The past few decades have seen the rise of global incentive programs offering payments to landowners to help reduce tropical deforestation. Until now, assessments of these programs have largely overlooked decreases in forest diversity. In what might be a first of its kind study, University of Missouri researchers have integrated forest imaging with field-level inventories and landowner surveys to assess the impact of conservation payments in Ecuador’s Amazon Basin forests. They found that conservation payment programs are making a difference in the diversity of tree species in protected spaces. Further, the species being protected are twice as likely to be of commercial timber value and at risk of extinction.

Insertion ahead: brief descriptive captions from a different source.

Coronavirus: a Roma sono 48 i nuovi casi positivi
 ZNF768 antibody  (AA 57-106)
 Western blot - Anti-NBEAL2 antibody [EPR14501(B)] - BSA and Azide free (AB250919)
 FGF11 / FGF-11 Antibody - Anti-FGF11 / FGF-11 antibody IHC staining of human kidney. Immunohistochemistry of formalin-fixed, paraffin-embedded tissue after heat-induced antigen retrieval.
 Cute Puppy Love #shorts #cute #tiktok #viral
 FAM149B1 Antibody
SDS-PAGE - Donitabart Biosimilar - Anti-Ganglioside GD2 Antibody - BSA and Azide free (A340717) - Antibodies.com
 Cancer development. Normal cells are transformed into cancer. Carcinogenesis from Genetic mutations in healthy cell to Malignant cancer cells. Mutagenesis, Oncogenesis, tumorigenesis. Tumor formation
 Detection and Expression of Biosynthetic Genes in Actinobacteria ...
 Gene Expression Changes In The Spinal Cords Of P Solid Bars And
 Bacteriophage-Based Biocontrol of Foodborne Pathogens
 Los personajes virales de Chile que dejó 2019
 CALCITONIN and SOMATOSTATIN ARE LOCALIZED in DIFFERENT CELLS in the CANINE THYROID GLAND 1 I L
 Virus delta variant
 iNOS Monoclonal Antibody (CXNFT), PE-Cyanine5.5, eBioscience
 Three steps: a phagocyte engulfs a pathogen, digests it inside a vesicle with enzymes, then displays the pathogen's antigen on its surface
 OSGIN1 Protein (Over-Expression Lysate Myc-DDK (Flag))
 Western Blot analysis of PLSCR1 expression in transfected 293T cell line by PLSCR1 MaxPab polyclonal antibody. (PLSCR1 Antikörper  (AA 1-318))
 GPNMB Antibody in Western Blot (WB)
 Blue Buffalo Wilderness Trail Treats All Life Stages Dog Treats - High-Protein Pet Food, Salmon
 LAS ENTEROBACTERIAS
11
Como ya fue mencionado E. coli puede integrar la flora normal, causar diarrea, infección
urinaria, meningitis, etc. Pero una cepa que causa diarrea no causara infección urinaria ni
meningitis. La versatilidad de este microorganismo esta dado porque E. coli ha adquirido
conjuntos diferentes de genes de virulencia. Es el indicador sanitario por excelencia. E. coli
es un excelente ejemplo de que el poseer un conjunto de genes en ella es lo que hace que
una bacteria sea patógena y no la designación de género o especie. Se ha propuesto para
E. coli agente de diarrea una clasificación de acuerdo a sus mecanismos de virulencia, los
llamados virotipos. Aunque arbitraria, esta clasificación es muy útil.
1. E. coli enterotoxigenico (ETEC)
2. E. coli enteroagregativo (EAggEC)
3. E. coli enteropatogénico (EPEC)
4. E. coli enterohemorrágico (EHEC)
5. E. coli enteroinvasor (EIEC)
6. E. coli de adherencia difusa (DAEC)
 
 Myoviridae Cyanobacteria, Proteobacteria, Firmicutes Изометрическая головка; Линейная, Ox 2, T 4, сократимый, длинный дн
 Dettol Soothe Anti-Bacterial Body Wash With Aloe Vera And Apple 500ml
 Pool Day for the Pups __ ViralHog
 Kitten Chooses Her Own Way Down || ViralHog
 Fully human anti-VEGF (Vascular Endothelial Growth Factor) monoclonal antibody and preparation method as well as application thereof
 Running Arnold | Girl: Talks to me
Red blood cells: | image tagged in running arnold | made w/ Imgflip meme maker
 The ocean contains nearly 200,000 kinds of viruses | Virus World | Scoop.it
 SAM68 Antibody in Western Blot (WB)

“It has been widely proven that degradation of tropical forests have major implications for carbon cycles and biodiversity; yet, destruction of these forests still occur at alarming rates,” said Francisco Aguilar, associate professor of forestry in the MU School of Natural Resources. “More than 7 billion acres of tropical rain forests were destroyed between 1995 and 2015, so policy makers established voluntary compensation programs to slow down tropical deforestation and degradation. While these programs seem to be making a difference, there aren’t enough on-the-ground evaluation tools to see if biodiversity is being maintained, too. Therefore, we looked for other ways to observe the value of these payments for forest conservation.”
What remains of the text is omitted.